**Exercise objective**. Recreate the listing that follows line for line, without pictures.

**Material provided**.

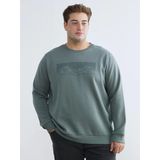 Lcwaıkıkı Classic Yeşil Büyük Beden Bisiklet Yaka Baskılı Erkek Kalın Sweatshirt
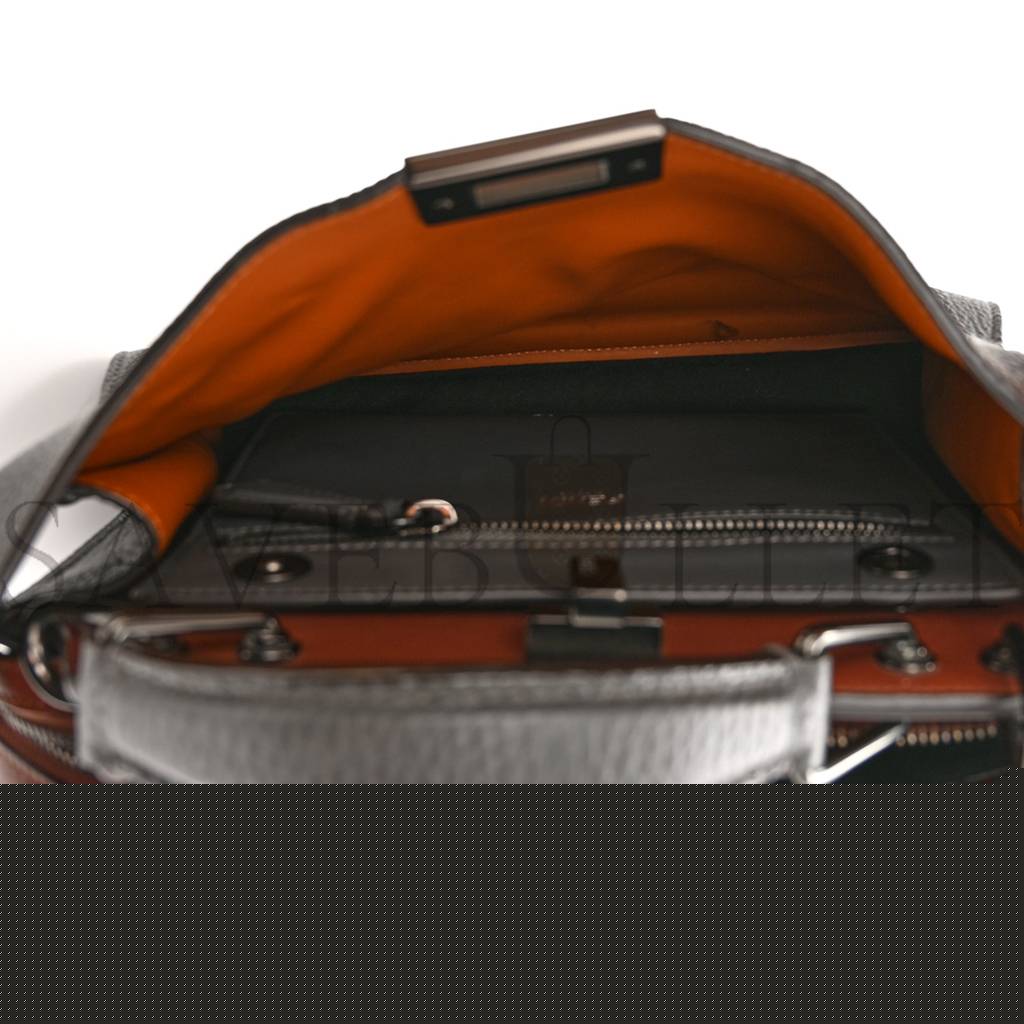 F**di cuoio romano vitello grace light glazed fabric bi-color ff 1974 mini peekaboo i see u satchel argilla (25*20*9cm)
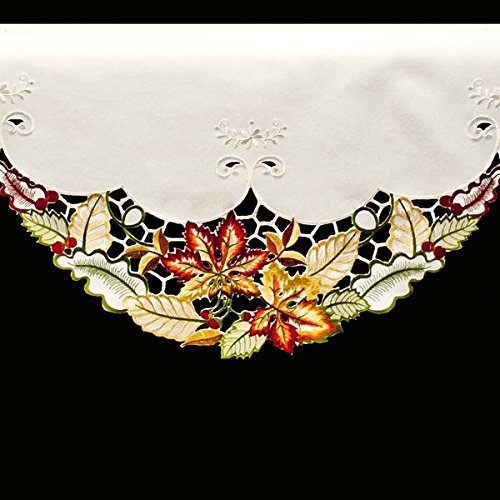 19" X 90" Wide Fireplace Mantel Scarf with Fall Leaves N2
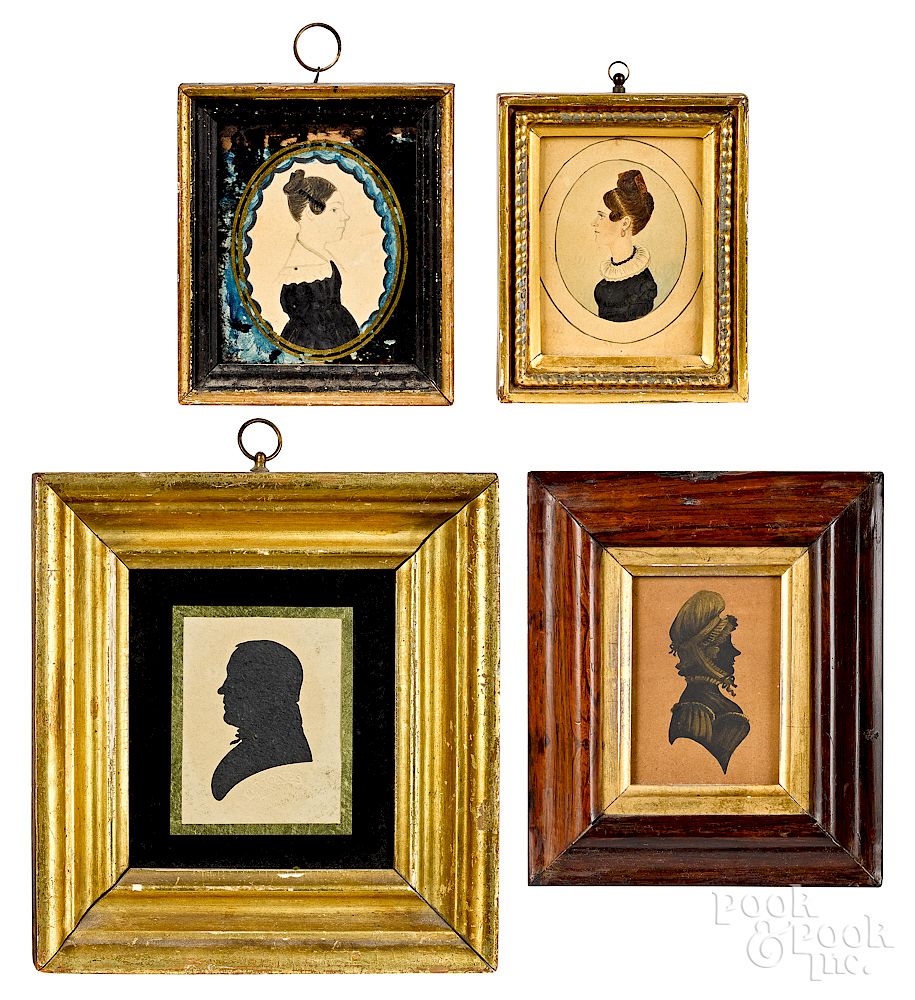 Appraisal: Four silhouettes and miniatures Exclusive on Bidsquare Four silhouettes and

**Exercise output**.
 Lcwaıkıkı Classic Yeşil Büyük Beden Bisiklet Yaka Baskılı Erkek Kalın Sweatshirt
 F**di cuoio romano vitello grace light glazed fabric bi-color ff 1974 mini peekaboo i see u satchel argilla (25*20*9cm)
 19" X 90" Wide Fireplace Mantel Scarf with Fall Leaves N2
 Appraisal: Four silhouettes and miniatures Exclusive on Bidsquare Four silhouettes and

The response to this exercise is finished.